Pioneering Rolling Meadows resident and former Palatine Township Elementary District 15 board member Joel D. Meyer will celebrate his 100th birthday Saturday, May 9.

Meyer served on the District 15 board from 1957 to 1978, an era in which 16 schools were built, including Carl Sandburg Junior High School in his hometown. His name is on cornerstone plaques for many District 15 schools.

This is pioneering Rolling Meadows resident and former Palatine Township Elementary District 15 board member Joel D. Meyer in 1933. Courtesy of Scott Meyer

He's been asked about the secret to turning 100 as the big day approaches and has a ready, lighthearted response.

"Stay alive," is the response from Meyer, who still lives in Rolling Meadows.

Joel D. Meyer cut the ribbon for a celebration at Carl Sandburg Junior High School in Rolling Meadows for a media center that was named for him in 2011. Meyer served on the Palatine Township Elementary District 15 board from 1957 to 1978, an era in which 16 schools were built, including Sandburg Junior High. Daily Herald File Photo, 2011

District 15 kicked off Sandburg's 50th anniversary celebration in 2011 by dedicating the learning resource center as the Meyer Media Center.
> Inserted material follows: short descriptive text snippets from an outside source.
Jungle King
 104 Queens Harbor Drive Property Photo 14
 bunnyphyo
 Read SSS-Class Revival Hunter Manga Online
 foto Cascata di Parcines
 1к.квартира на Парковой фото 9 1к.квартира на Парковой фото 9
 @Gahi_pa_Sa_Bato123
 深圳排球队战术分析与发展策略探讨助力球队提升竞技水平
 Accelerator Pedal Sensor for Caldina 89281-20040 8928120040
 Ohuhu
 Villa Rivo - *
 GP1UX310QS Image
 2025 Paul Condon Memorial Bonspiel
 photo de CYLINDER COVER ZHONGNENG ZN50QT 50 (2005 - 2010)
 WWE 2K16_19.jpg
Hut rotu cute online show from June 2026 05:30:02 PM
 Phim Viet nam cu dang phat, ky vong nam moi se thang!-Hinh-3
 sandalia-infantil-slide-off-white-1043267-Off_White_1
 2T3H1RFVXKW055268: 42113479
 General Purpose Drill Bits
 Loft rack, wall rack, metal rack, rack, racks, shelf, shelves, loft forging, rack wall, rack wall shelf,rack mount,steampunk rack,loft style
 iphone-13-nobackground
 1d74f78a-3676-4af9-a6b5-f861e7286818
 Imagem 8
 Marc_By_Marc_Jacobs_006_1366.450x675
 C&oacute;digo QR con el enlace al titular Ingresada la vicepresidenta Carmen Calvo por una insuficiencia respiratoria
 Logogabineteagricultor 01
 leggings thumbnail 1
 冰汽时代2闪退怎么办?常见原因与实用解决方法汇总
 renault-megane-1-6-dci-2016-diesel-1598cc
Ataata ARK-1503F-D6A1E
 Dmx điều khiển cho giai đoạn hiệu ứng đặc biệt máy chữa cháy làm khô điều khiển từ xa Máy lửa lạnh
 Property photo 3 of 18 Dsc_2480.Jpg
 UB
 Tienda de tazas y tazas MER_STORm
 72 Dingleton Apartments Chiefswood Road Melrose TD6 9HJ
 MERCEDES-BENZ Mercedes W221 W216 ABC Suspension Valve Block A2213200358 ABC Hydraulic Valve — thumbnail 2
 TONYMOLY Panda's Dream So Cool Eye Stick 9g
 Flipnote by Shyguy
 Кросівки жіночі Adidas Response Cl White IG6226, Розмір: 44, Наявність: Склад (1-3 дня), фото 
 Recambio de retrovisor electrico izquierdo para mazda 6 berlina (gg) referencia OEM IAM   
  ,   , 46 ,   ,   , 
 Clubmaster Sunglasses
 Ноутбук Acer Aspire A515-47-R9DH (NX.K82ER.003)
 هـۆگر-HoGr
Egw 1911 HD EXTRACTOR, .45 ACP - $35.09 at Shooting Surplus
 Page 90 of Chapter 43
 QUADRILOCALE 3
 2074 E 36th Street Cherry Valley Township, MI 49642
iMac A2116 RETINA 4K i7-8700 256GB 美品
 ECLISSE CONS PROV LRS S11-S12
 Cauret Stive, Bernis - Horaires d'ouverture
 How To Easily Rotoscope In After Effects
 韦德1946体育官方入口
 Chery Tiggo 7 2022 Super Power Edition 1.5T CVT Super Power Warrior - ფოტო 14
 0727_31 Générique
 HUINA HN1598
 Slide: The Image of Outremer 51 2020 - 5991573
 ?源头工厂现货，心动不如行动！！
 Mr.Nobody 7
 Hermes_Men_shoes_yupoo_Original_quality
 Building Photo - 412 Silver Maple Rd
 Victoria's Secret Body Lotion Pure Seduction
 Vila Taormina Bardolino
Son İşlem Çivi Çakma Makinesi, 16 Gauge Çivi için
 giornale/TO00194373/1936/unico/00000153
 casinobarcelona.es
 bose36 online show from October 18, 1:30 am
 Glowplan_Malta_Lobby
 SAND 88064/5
He cut the ribbon for the festivities.

Meyer worked for Northwestern University when he was approached the day before the April 1957 election to run for the board of education and give Rolling Meadows representation on the panel. He won election as a write-in candidate.

The length of his tenure on the District 15 school board is behind only Walter R. Sundling, whose name is on a Palatine junior high.

An Army veteran, Meyer helped oversee District 15's growth from about 1,700 students to more than 11,000 when he resigned. One of his first tasks as a board member was auctioning off the district's sole remaining rural schoolhouse.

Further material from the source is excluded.